[Problem statement] Leave out the images; return the rest of the data exactly.

(Captioned web images)
# # # # # # #
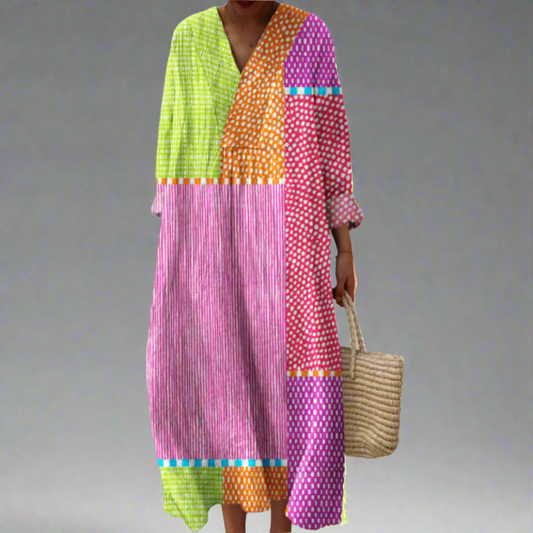 LD | Patchwork Polka Maxi Dress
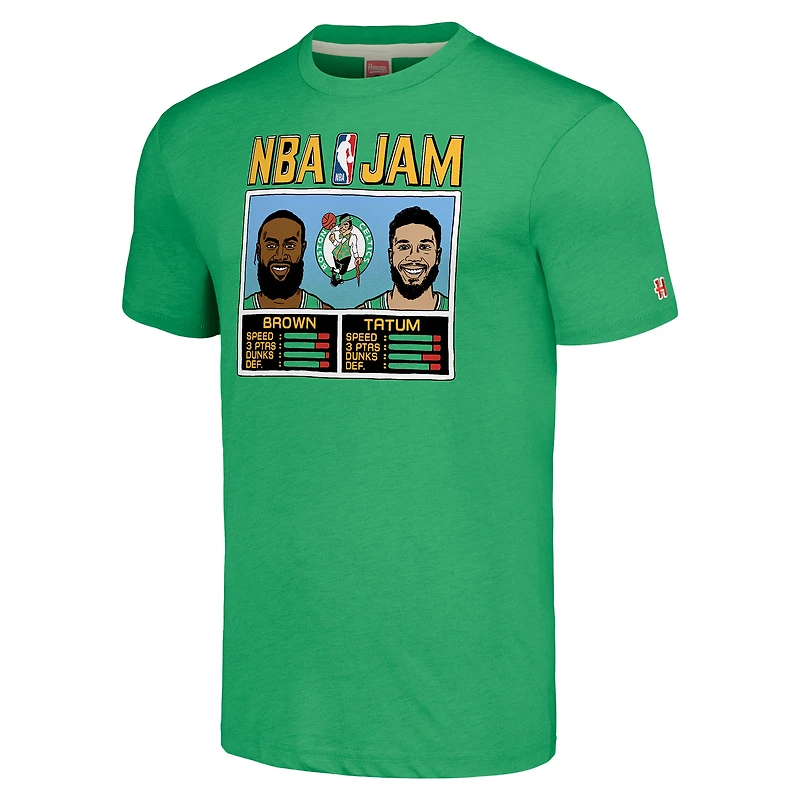 Men's Homage Jaylen Brown/Jayson Tatum Heathered Green Boston Celtics NBA Jam Tri-Blend T-Shirt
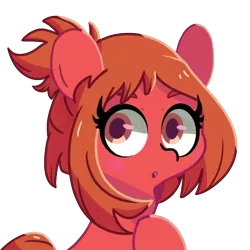 Size: 700x700 | Tagged: safe, artist:turtlefarminguy, derpibooru import, ponified, earth pony, pony, :o, blushing, cute, female, looking at you, mare, my hero academia, ochako uraraka, open mouth, quirked pony, simple background, solo, transparent background, wide eyes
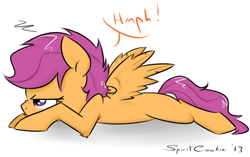 Size: 714x448 | Tagged: safe, artist:spiritcookie, derpibooru import, scootaloo, grumpy, solo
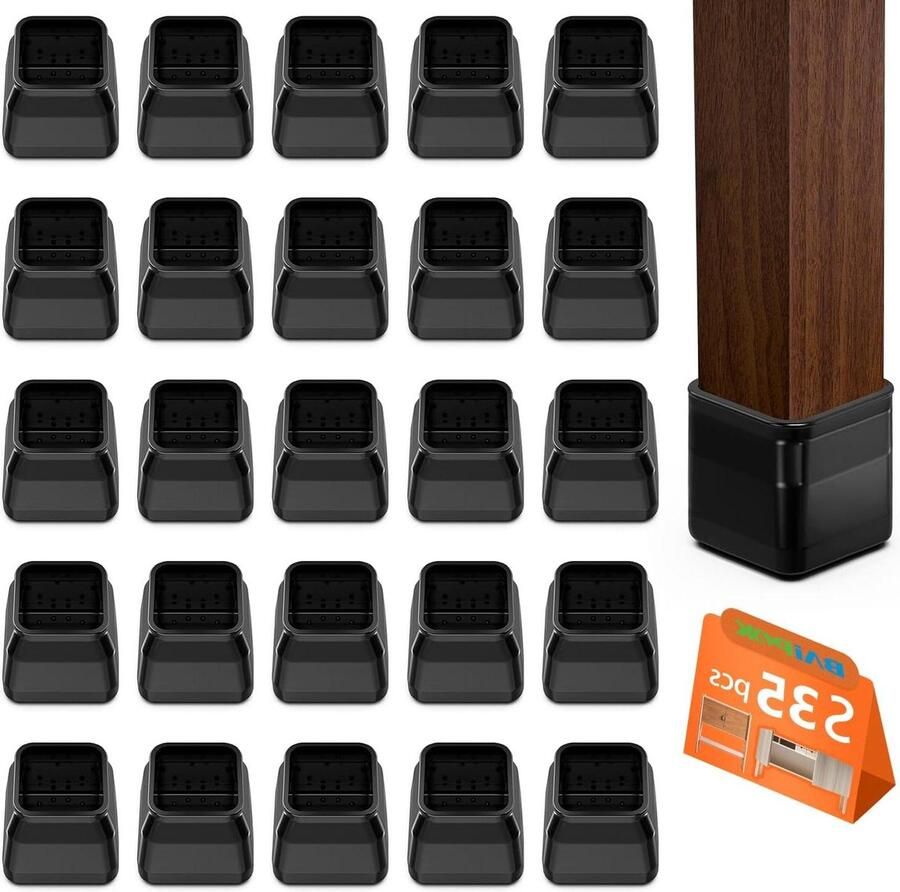 35 stuks vloerbeschermers vierkant zwart stoelpootdoppen met vilt ter bescherming van vloeren klein (23-31 cm)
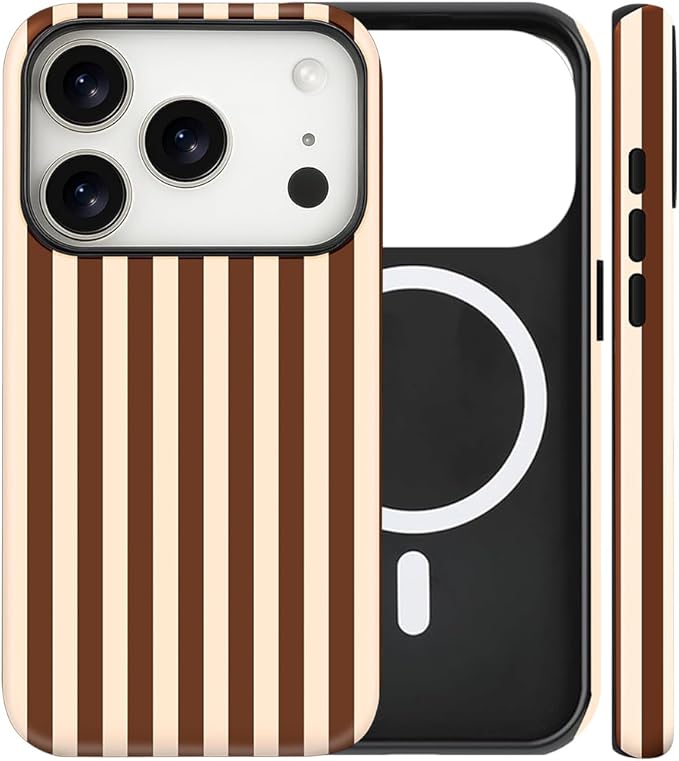 Magnetic for iPhone 17 Pro Max Case Cute Stripes Phone Case, Shockproof Slim TPU and Hard PC Protective Phone Cover Compatible with MagSafe Designed for Women Girls, Brown
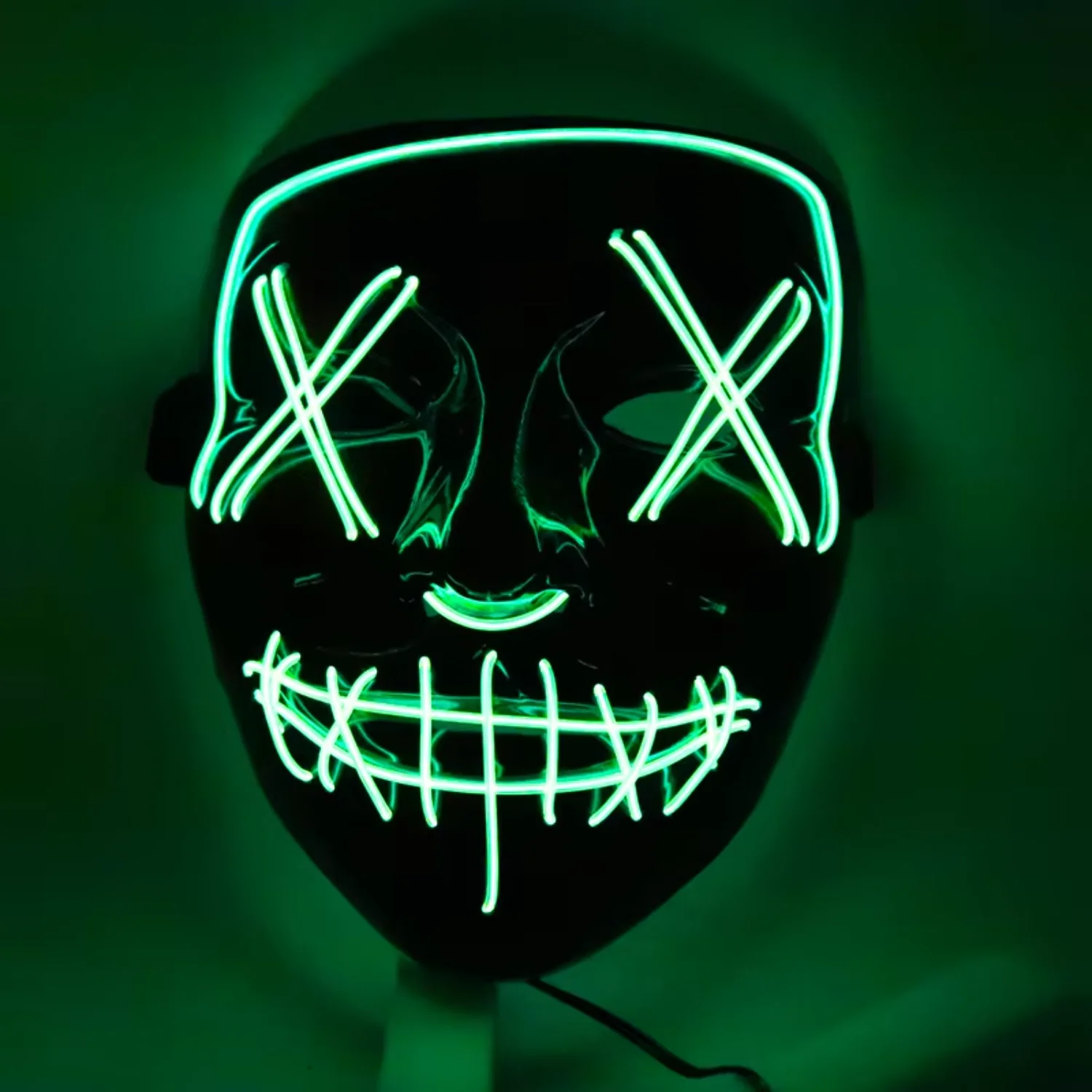 High Quality Cheap Price Luminous Glow Scary Masquerade Cosplay Rave Mask LED Light Up Horror Halloween Party Mask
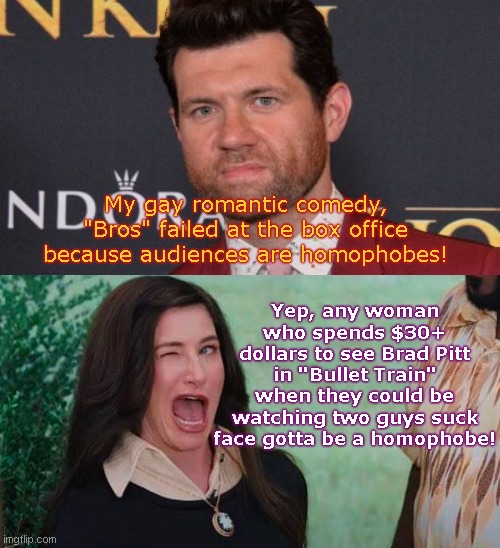 Billy Eichner whine | Yep, any woman who spends $30+ dollars to see Brad Pitt in "Bullet Train" when they could be watching two guys suck face gotta be a homophobe! My gay romantic comedy, "Bros" failed at the box office because audiences are homophobes! | image tagged in winking woman,billy eichner,whine,gay,bros movie,get over it | made w/ Imgflip meme maker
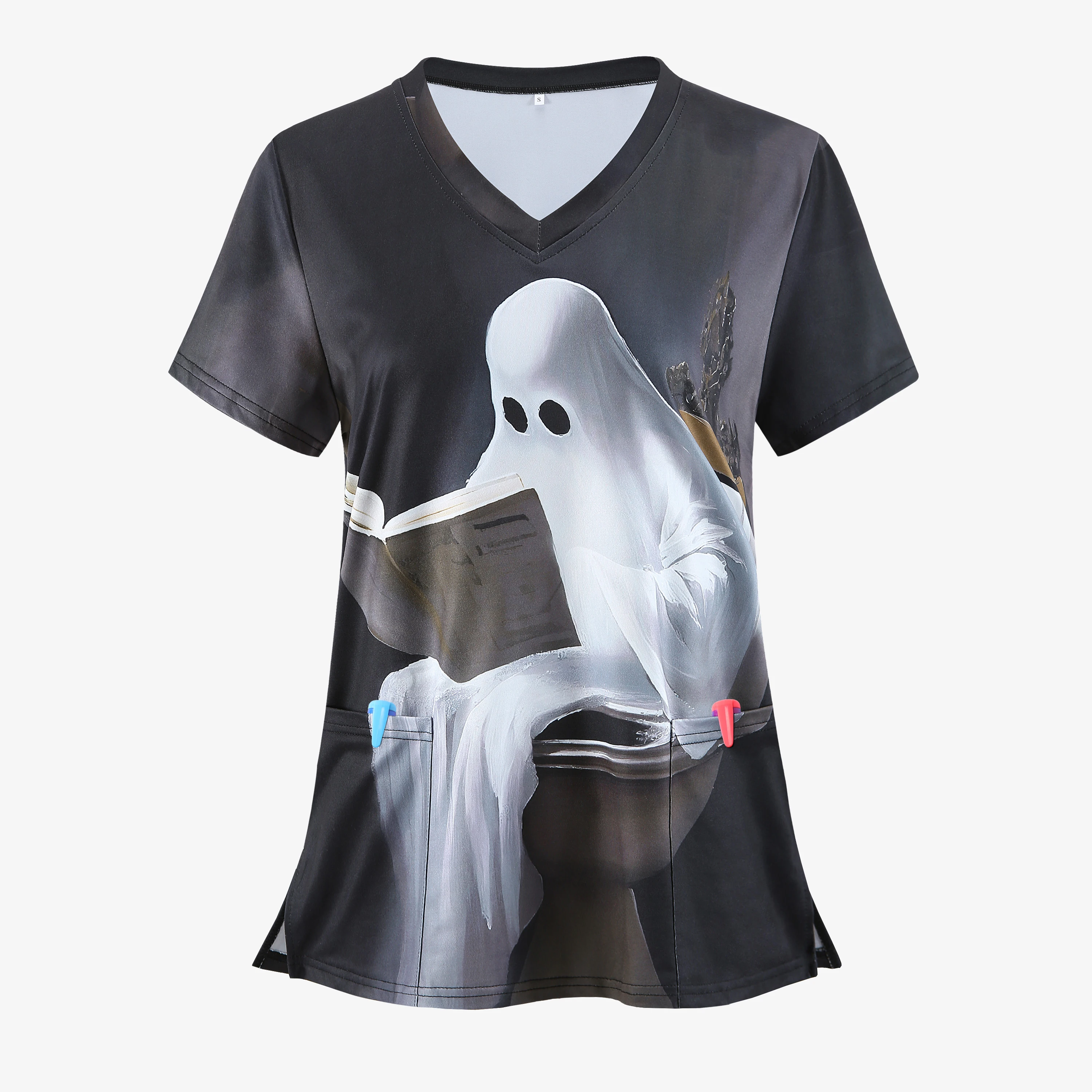 Halloween Toilet Ghost Print V-Neck Nurse T-Shirt With Pocket - Stretchy Blend, Short Sleeve, Fashionable Workwear For Women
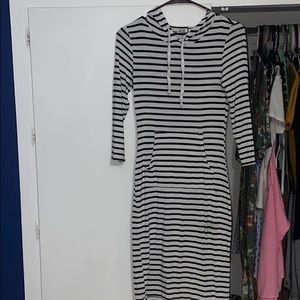 Black and white stripped maxi dress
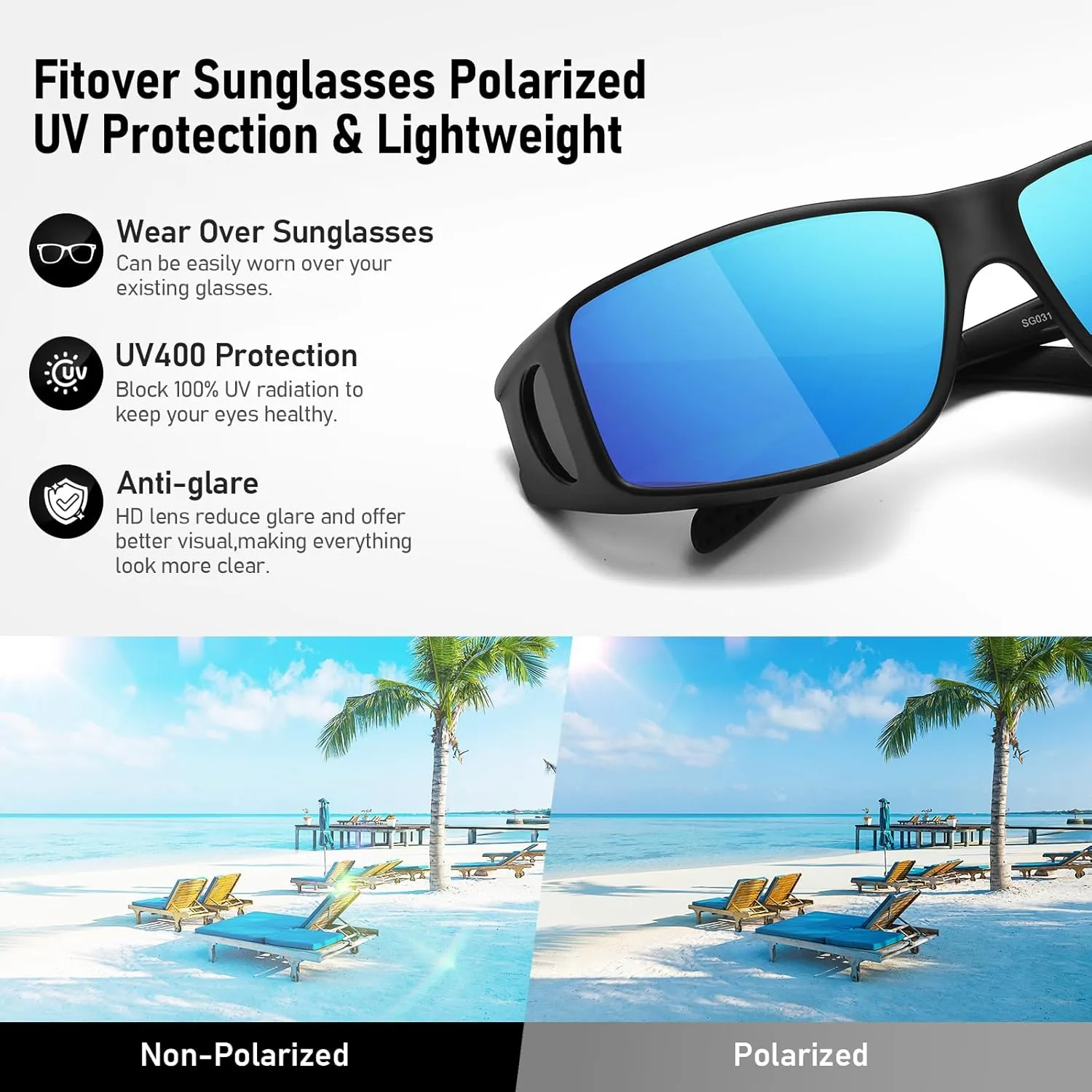Wzerry Fit Over Glasses Sunglasses for Women Men, Polarized Oversized Sun Glasses for Prescription Glasses UV400 Protection
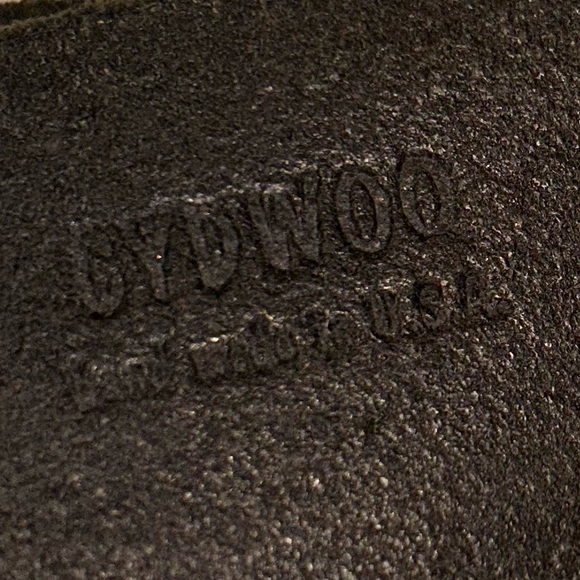 VTG CYDWOQ Distressed Wide Leather Belt w/Floral Boho Buckle #23636-50 36”-37” - Picture 8 of 16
# # # # # # #
[Answer to this exercise]
 LD | Patchwork Polka Maxi Dress
 Men's Homage Jaylen Brown/Jayson Tatum Heathered Green Boston Celtics NBA Jam Tri-Blend T-Shirt
 Size: 700x700 | Tagged: safe, artist:turtlefarminguy, derpibooru import, ponified, earth pony, pony, :o, blushing, cute, female, looking at you, mare, my hero academia, ochako uraraka, open mouth, quirked pony, simple background, solo, transparent background, wide eyes
 Size: 714x448 | Tagged: safe, artist:spiritcookie, derpibooru import, scootaloo, grumpy, solo
 35 stuks vloerbeschermers vierkant zwart stoelpootdoppen met vilt ter bescherming van vloeren klein (23-31 cm)
 Magnetic for iPhone 17 Pro Max Case Cute Stripes Phone Case, Shockproof Slim TPU and Hard PC Protective Phone Cover Compatible with MagSafe Designed for Women Girls, Brown
 High Quality Cheap Price Luminous Glow Scary Masquerade Cosplay Rave Mask LED Light Up Horror Halloween Party Mask
 Billy Eichner whine | Yep, any woman who spends $30+ dollars to see Brad Pitt in "Bullet Train" when they could be watching two guys suck face gotta be a homophobe! My gay romantic comedy, "Bros" failed at the box office because audiences are homophobes! | image tagged in winking woman,billy eichner,whine,gay,bros movie,get over it | made w/ Imgflip meme maker
 Halloween Toilet Ghost Print V-Neck Nurse T-Shirt With Pocket - Stretchy Blend, Short Sleeve, Fashionable Workwear For Women
 Black and white stripped maxi dress
Wzerry Fit Over Glasses Sunglasses for Women Men, Polarized Oversized Sun Glasses for Prescription Glasses UV400 Protection
 VTG CYDWOQ Distressed Wide Leather Belt w/Floral Boho Buckle #23636-50 36”-37” - Picture 8 of 16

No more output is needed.